Public Enemy, donc. Un collectif agitprop, une mise en scène imparable, Chuck D en héraut escorté par The Security of the 1st World, quatre gars en paramilitaire, qui marchent au pas de swing en brandissant leur poing ganté de noir, Professor Griff, le ministre de l’information musulman radical, Terminator X, le DJ géant impassible et, pour faire fonctionner cette utopie, Flavor Flav, le trickster, graîne de sel et de chaos incontrôlable qui rappelle que tout ça est une farce, eux, vous, nous, moi.

Dans un monde poli et policé par Reagan, Public Enemy ne sont pas polis. Don’t Believe the Hype, Fight the Power, etc., la syncope encore une fois, les assonances, les enjambements et les modulations. Il est des exégètes qui écrivent la complexité des textes des Chuck D qui se gravent dans la manière et la matière sur des palimpsestes à quinze couches jubilatoires, brutales et pour tout dire stravinskiennes. Ici n’est pas le lieu pour reproduire les réflexions académiques. De toute façon, on en revient toujours au beat, à la séquence, à la cadence, à la transe hypnotique sur lesquelles le rappeur tente de faire sens dans un monde de malades mentaux.

Kill the bourgeoise and rock the boulevard.

Public Enemy, le CNN de la communauté noire, a porté des messages qui ont fait mouche à la fin du siècle dernier: n’avale pas les bobards des médias, résiste, la drogue, c’est vraiment de la merde et c’est les blancs qui encaissent, la famille, c’est important. Quand je disais que les rappeurs sont traditionnels.

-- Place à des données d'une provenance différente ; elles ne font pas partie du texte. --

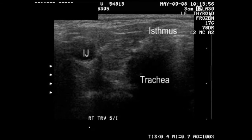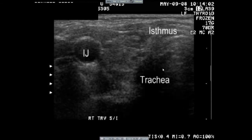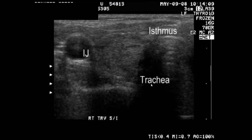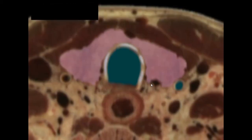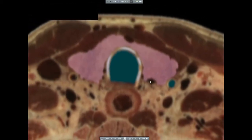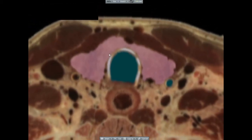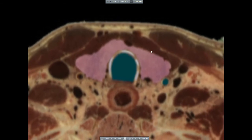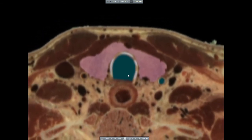Once again, we orient ourselves by finding the trachea and a vessel, in this case the internal jugular vein. We can also clearly see the isthmus of the gland. These images from VH Dissector show the intact thyroid gland and its relationship to the musculature, the trachea, and the esophagus.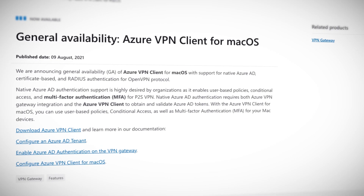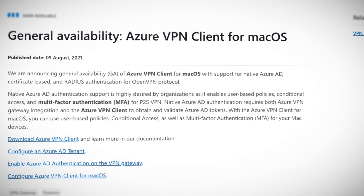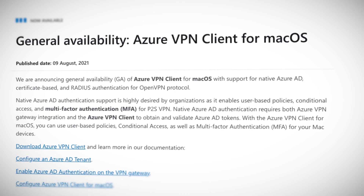Occasionally features for Azure are announced that I was certain already existed, but they didn't. This week, the Azure VPN client for Mac OS was released in general availability. The Azure VPN client supports connection with native Azure AD certificates or RADIUS authentication for open VPN. With the Azure VPN client for Mac OS, you can now use user-based policies, conditional access, as well as multi-factor authentication or MFA for your Mac devices. This will allow you to connect to a virtual network using point-to-site VPN and Azure Active Directory authentication in order to access Azure resources on that VNet.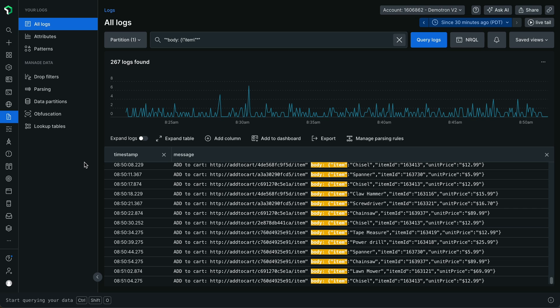In this Data Bytes episode, we'll explore the query time parsing feature in the logs UI. You may be familiar with the aparse function, known as anchor parsing in the New Relic query language, which allows you to extract values from log attributes in order to use these values on charts, search criteria, and so on.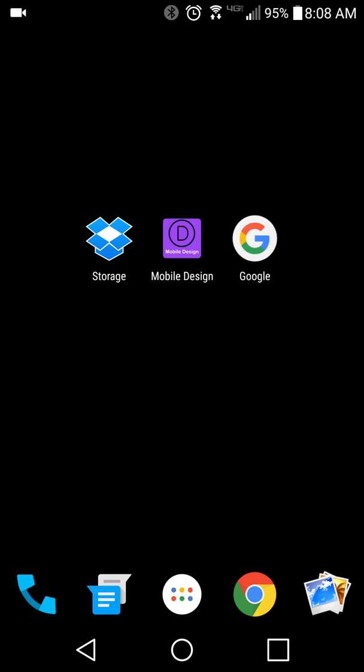They have an app icon alongside the other apps they use on a daily basis, giving them easy access. That's a quick look at adding some simple meta code to the header of your mobile site to have it work just like a web app.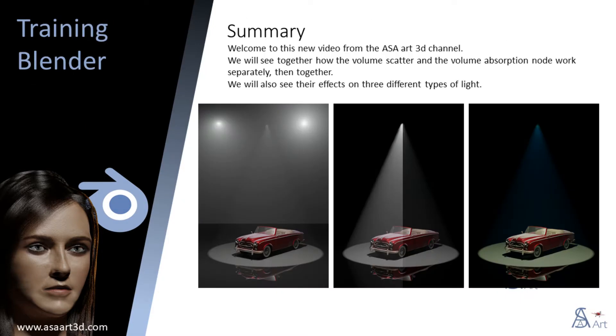Welcome to this new video from the ASAR3D channel. We will see together how the volume scatter and the volume absorption nodes work separately, then together. We will also see their effects on three different types of light.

Douloureux épilogue, il faut admettre que le rap s’est égaré après l’âge d’or. C’est le schéma classique de la guerre que mène le pouvoir américain WASP, alias The Man, contre les musiques afro-américaines jugées subversives. A la Nouvelle-Orléans, on a voulu empêcher les blancs de taper dans les mains quand ils écoutaient le proto-jazz mais comme on n’a rien pu faire, on a récupéré le son noir et on l’a blanchi (cf. le soporifique Benny Goodman), puis on a encaissé les dollars. Chaque fois, c’est le même processus, les musiciens noirs créatifs réinventent leur musique, les blancs s’en emparent et détournent, sauf le be-bop qui va trop vite. Quand le beat du funk est devenu béat et a plongé la jeunesse blanche en extases psychédéliques, on a inventé, pour l’endormir, le disco, qui devient rapidement de la musique militaire (Abba, Boney M… faut-il être germains pour gripper à ce point le groove ! George Clinton avait prévenu : Don’t give her that one move groovalistic/That disco sadistic/That one beat up and down it just won’t do). C’est précisément pendant que le disco a abruti la jeunesse de Manhattan que le hip-hop est né dans le Bronx. Le rap, nouvelle et postmoderne variante de la musique noire, est aussi le dernier genre musical authentique. On attend le nouveau son mais avec le paradigme transmoderne, fait de récup et de paresse, rien ne point à l’horizon. Et le rap, pour confirmer l’histoire qui voit The Man vaincre sans cesse, est devenu progressivement de la merde, des biscottos sans cervelles qui se réjouissent de gagner du fric pour se taper des tepus, des lyrics insignifiants sur des gimmicks faciles et ineptes, et le monde entier qui fait du rap, de Tokyo à Payerne. Mauvais signe, avez-vous déjà goûté du gruyère français?

Sur les disques de Public Enemy et d’autres, la femme d’Al Gore a souhaité qu’on fixe un autocollant qui prévient les parents: les paroles sont explicites… C’est un label AOC qu’il faudrait mettre, qui rappelle ce qui a été et est encore, parfois, le bon vieux rap.